# Old Daiwa Millionaire Reels



## Carolina Rebel (Aug 25, 2005)

I see alot of these sell for dirt cheap on ebay, whats the deal with these reels. Are they alot more rough than Ambassadeurs of the same age?


----------



## TreednNC (Jul 1, 2005)

The old ones used to be liquid smooth compared to the abus of the same age.

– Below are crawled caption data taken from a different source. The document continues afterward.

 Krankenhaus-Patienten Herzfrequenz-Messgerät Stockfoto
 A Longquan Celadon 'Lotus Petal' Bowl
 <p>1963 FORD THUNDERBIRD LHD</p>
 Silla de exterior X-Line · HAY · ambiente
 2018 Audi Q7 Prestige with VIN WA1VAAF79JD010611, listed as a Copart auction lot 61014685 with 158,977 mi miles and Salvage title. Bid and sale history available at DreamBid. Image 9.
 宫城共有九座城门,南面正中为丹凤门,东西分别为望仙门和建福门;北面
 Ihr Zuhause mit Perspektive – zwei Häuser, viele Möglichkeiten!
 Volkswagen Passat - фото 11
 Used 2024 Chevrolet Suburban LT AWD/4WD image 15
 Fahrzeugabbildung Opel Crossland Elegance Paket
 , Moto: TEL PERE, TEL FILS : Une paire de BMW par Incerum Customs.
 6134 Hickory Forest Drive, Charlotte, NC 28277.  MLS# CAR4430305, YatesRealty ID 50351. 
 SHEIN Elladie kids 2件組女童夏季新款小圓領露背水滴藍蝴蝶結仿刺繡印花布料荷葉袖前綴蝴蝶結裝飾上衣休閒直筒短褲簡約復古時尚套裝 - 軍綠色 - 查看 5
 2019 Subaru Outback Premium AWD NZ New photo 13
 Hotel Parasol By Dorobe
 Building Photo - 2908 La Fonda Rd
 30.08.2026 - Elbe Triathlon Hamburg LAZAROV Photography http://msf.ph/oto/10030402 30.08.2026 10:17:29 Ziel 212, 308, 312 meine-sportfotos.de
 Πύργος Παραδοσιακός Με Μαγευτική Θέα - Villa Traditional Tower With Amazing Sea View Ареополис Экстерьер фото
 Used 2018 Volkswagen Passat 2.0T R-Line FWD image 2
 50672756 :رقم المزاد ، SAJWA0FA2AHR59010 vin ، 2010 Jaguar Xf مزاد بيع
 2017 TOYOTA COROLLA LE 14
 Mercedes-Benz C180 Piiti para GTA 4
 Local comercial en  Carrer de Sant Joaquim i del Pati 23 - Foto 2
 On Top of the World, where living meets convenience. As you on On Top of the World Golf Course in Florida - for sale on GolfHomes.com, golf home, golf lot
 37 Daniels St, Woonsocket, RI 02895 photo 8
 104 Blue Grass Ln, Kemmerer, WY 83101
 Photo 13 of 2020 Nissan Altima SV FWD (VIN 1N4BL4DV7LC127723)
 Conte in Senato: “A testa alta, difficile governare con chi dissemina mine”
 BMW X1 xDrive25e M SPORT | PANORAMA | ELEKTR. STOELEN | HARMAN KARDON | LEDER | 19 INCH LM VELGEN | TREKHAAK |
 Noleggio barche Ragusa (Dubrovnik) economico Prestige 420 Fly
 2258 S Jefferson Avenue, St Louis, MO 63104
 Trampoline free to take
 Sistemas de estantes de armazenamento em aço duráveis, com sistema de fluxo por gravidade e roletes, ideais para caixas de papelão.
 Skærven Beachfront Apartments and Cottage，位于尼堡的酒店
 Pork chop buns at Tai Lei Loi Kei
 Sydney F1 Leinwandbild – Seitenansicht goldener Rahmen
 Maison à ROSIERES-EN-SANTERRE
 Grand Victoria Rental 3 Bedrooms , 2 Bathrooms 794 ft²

I cant give you any more details other than they were great striper and catfish reels in the fresh water (the models with clickers)


----------



## surfchunker (Apr 10, 2006)

*3r*

I have an old 3R that I still use all the time .... it's over 25 years old ...


----------



## Fishman (Apr 23, 2000)

Old thread but these reel are vintage classics


----------



## ThePitbullofLove (Oct 13, 2011)

I've got two vintage Millionaires, a red 3R and a Blue 4H (High Speed). Both were (and are) butter smooth compared to Abu Garcia (and just Garcia) Ambassadeurs of similar vintage and original MSRP. In fact, my red 3R was a replacement for an Ambassadeur that got run over by a friends Blazer following a fishing trip.

I just found these reels at my parent's house in the past few months, after having put them away for magnetic braked Shimano, Daiwa, and Abu offerings, and after cleaning, they're ready to be put back into service. In fact, the 4H is going striper fishing with me, mated to a new graphite rod. Love 'em!


----------